Les alentours du village sont bordés de constructions à plusieurs étages à demi finies : les hôtels du resort prévu l’an prochain. Mais le bâtiment qui domine pour l’heure l’endroit est la tour de Phosphori, du XIII°siècle, sise sur les rochers du rivage. Ce fut jadis une dépendance du monastère de Vatopedi, et il se peut qu’elle signale le site de la ville païenne de Dion. Au début du siècle dernier elle devait se dresser, presque seule, au bord de l’eau. À côté, une petite et vieille maison qui pendant quelques années servit d’auberge et, face à la mer, les vestiges de quelques autres maisons de campagne reconverties en boutiques et en gargotes. À mon dernier passage, il y a un an, en septembre, quoique commençant à décliner, la saison battait encore son plein. Nombre des tables sous les pergolas et dans les restaurants étaient occupées par des allemands — on m’a raconté que le goût de cette nation pour la Grèce avait été mis à profit par le propriétaire du nouvel hôtel soigneusement paysagé, situé sur la plage à la périphérie de la ville, lequel avait des liens avec des voyagistes en Allemagne. On est confiant : chaque année sont attendus de plus en plus de bus d’allemands toutes classes confondues. Un étranger, on lui parle d’évidence en allemand. Mais le premier octobre, cependant, la Vie revient chez elle. On remise la plupart des tables, ferme les restaurants, l’antiquaire retourne à Thessalonique, et les portes sont laissées ouvertes qui donnent sur la mer afin que les femmes, des chats à leurs pieds, puissent profiter du soleil de l’après-midi pour leur ouvrage. La majeure partie du village fut construite après la première guerre mondiale afin d’y loger deux groupes de grecs d’Asie mineure conduits là sous l’égide de la SDN, au titre de la réimplantation des populations déplacées. Un an après mon passage on s’était débarrassé de presque toutes les structures originelles et des chemins qui les reliaient, la place était nette pour de futurs hôtels. Mais en octobre les gens du cru s’asseyent toujours sous la treille du seul

café ouvert, et le doigt de résiné dans leurs verres brille de toute l’immense lumière marine. Au-delà de ces tables, le quai et le sable du rivage. Mes affaires déposées à l’auberge, je suis descendu jusqu’à la plage vide, ai dépassé un pointu tiré sur le rivage, un camion déglingué, un hôtel tous volets clos, des rochers éboulés courant à la mer. Oiseaux dans les épineux parlant du soir — voix de pipit, de bergeronnette ou d’alouette, trille cristallin de quelque pinson, aucune d’elles totalement familière, bien que les mots antiques demeurassent clairs. Ombres tourbillonnant sur la face sombre des rochers, puis sur celle dont se retirait la lumière. Le soleil descendait dans des nuages frangés d’or. La dernière brise mourrait. Le clignotement d’une bouée signalant un amer faisait écho, écho durable, avec les quelques lumières aussi ténues que des étoiles brillant au-dessus d’Ammouliani, où, m’a-t-on dit, il n’y a pas l’électricité. Au-delà, vers l’ouest, la péninsule se fondait dans la mer sombre. Celle-ci fut consacrée, jadis, au dieu de la mer, et son sommet désigné comme son fils. Soudain des nuages d’insectes minuscules surgirent, voletant au dessus du rivage dans la pénombre, et la lune, presque neuve, rassembla la lumière au-dessus des eaux. Alors que je rebroussais chemin, un petit chien courut vers moi le long de la plage —, comme s’il me connaissait.      
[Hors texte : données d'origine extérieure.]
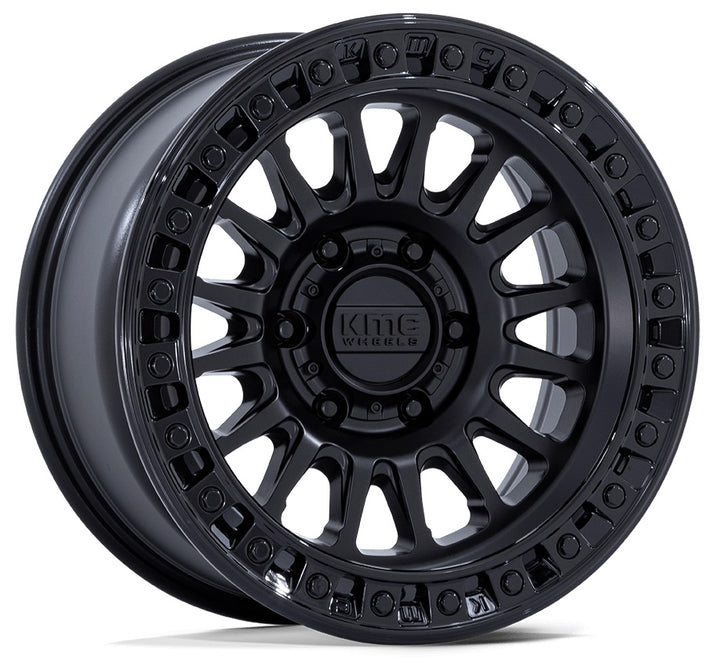 KMC KM552 | IMS 9 /GLOSS SILVER MACHINED S18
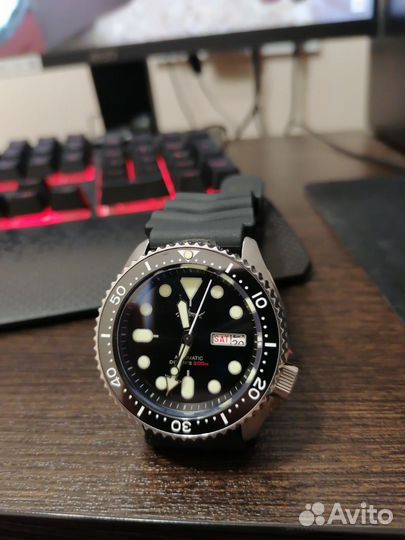 Наручные часы с автоподзаводом. Heimdallr SKX007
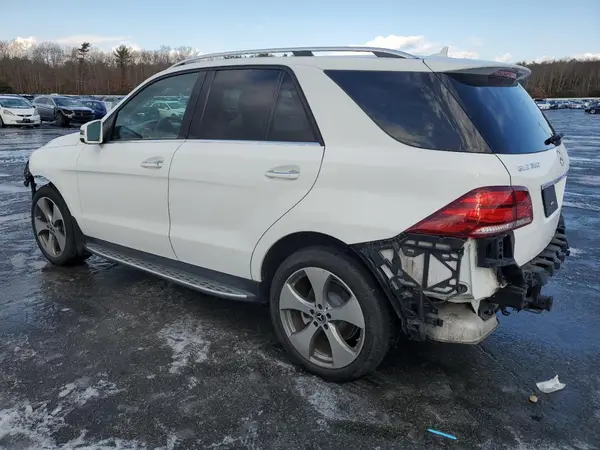 4JGDA5HB6HA952410 2017 MERCEDES-BENZ GLE - Image 2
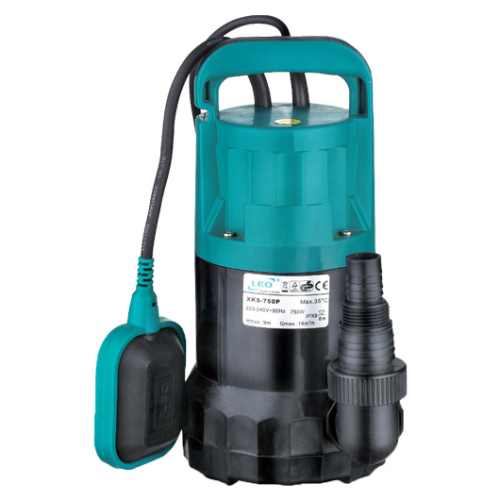 LEO XKS-250P merülő szivattyú [ 212LXKS250 ]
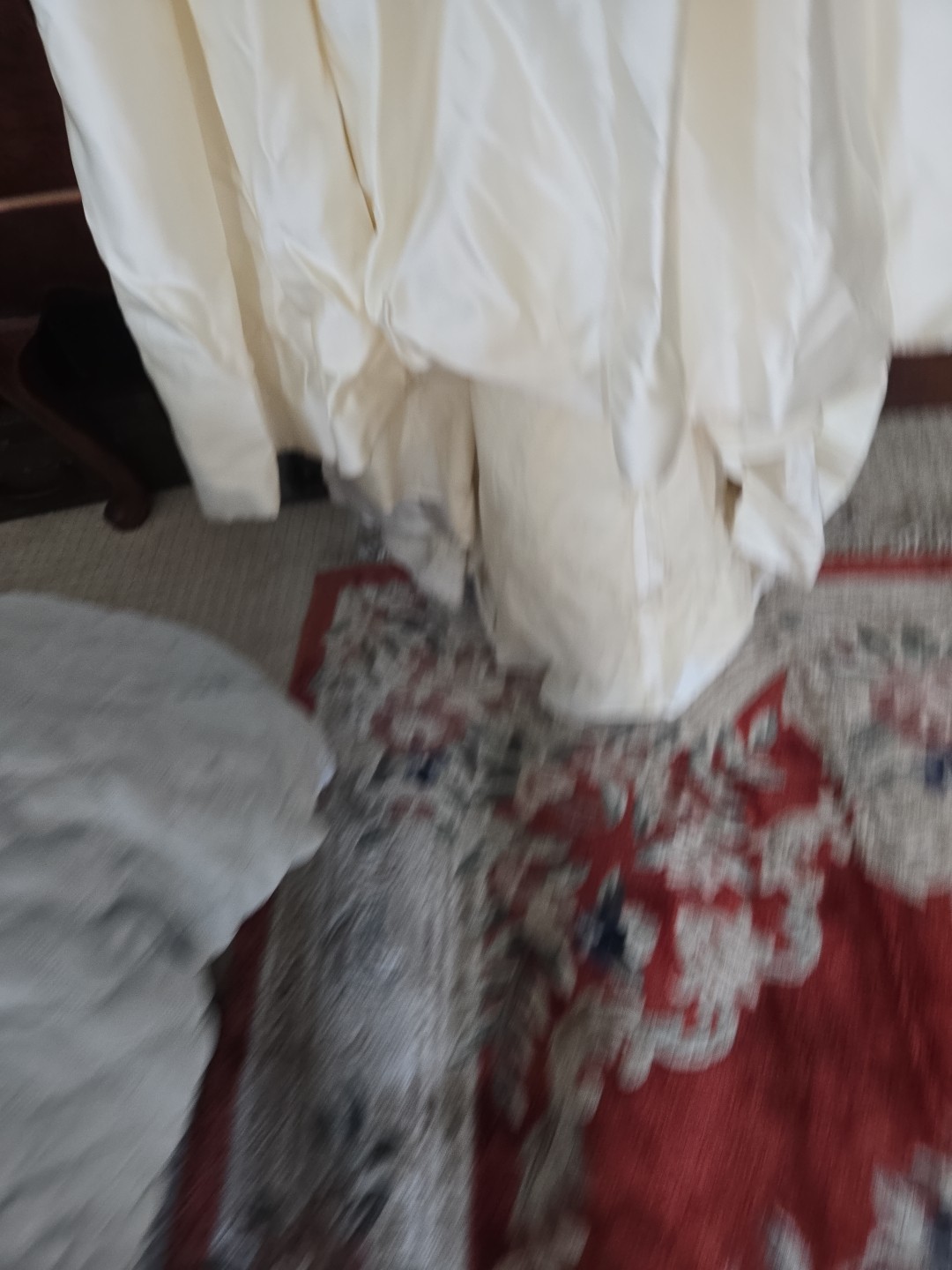 Vintage Ivory Cream Wedding Gown Dress /petticoat /veil Make Offer
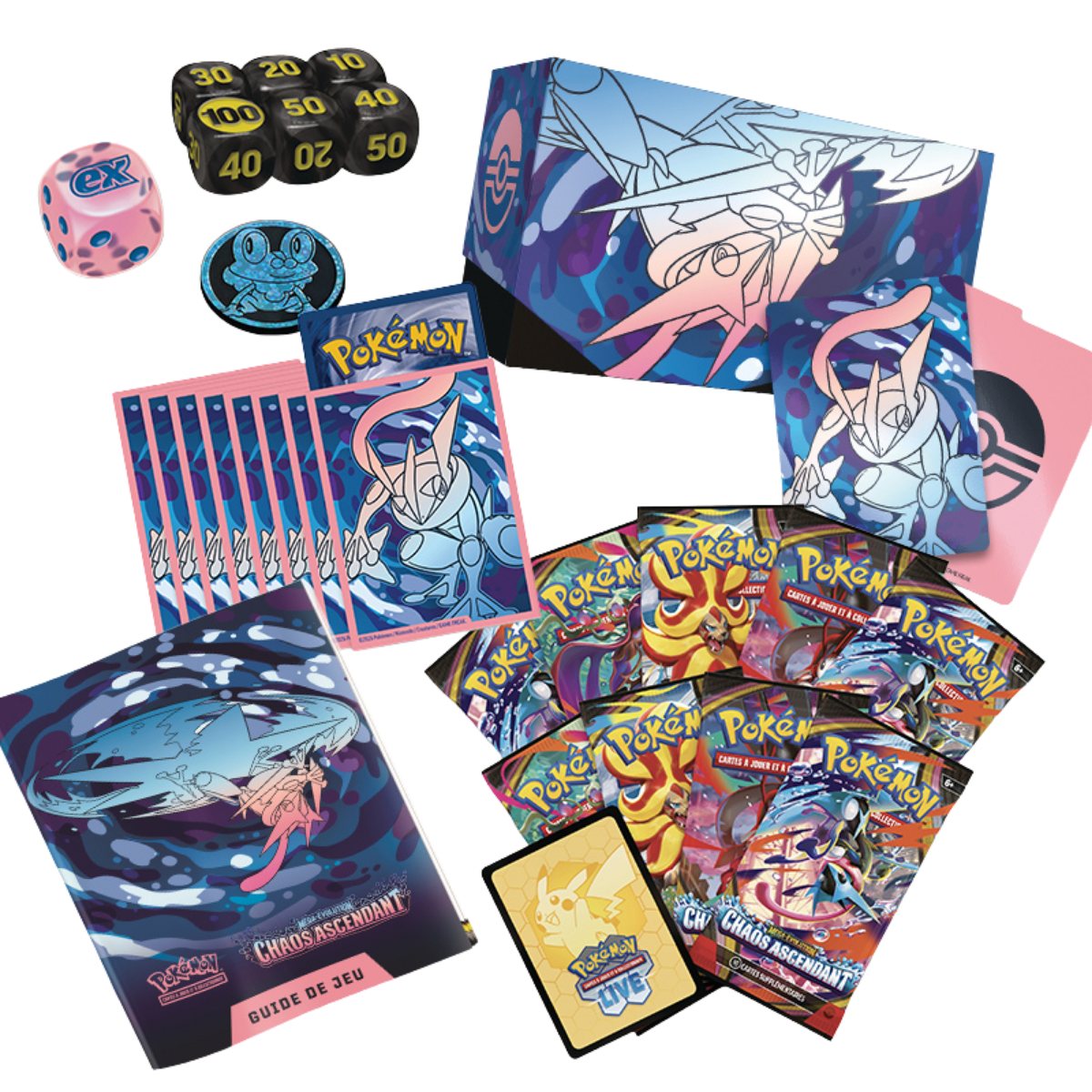 ETB - Chaos Ascendant / Méga-Amphinobi — Verso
Strabon écrit que ceux qui vivaient au sommet du mont Athos voyaient le soleil se lever avec trois heures d’avance. Il n’a pas dû venir vérifier la véracité de sa phrase: le sommet est un éperon rocheux inhabitable. Mais, peut-être, ne faut-il pas lire dans son assertion cette offrande de faits vrais que nous exigeons aujourd’hui de chaque phrase, mais quelque chose comme : « un haut lieu, à demi légendaire, qui dialogue en propre avec le matin ». Ceux qui vivent maintenant sur la rive occidentale, à la base de ce long promontoire, se lèvent avant le soleil, comme le font partout les habitants des villages de pêcheurs. Ils n’ont pas l’air pressés : ils traversent la brume d’un pas traînant, cols relevés, des châles sur la bouche, portant des sacs ou les mains vides, comme s’ils attendaient que quelque chose passe ou repasse. Quelques silhouettes finissent par se rassembler sur le quai de ciment, à côté de caisses de poisson, de paniers, de tonneaux de fuel ; trois ou quatre portent des sacs à dos, il y a plusieurs moines en robe noire avec des sacs en peau de chèvre ; pour finir les pêcheurs arrivent, le passeur, et l’inévitable policier. Il n’y a pas bien longtemps, la majeure partie du trafic de pêche et du trafic côtier se faisait sur des caïques ou sur de petits bateaux à vapeur qui jetaient l’ancre au large des villages avec une certaine régularité, voire souvent. Depuis la dernière guerre, les bateaux de pêche ont adopté une

forme moins caractéristique —, et des moteurs. Les pionniers de cette conversion ont toujours leurs barres de gouvernail et leurs garde-corps en bois et des rampes bien chevillées. Ceux qui les ont remplacés sont de gros diesels d’acier avec de larges poupes conçues pour le chalut et le frète, et des moteurs stertoreux. Ces deux types de navires assurent le trajet jusqu’à Dafni, le port de l’Athos. Le bateau part à sept heures. En octobre, le premier soleil a juste commencé de blanchir la façade orientale de la tour de Phosphori et la mer qui la baigne. Le bateau pique vers la côte sans jamais s’en éloigner. L’état monastique commence un peu plus loin en bas du village. La frontière actuelle est un mur de pierres effondré, après lui règne l’antique règle monastique de l’Athos, instituée dit-on par la Vierge elle-même.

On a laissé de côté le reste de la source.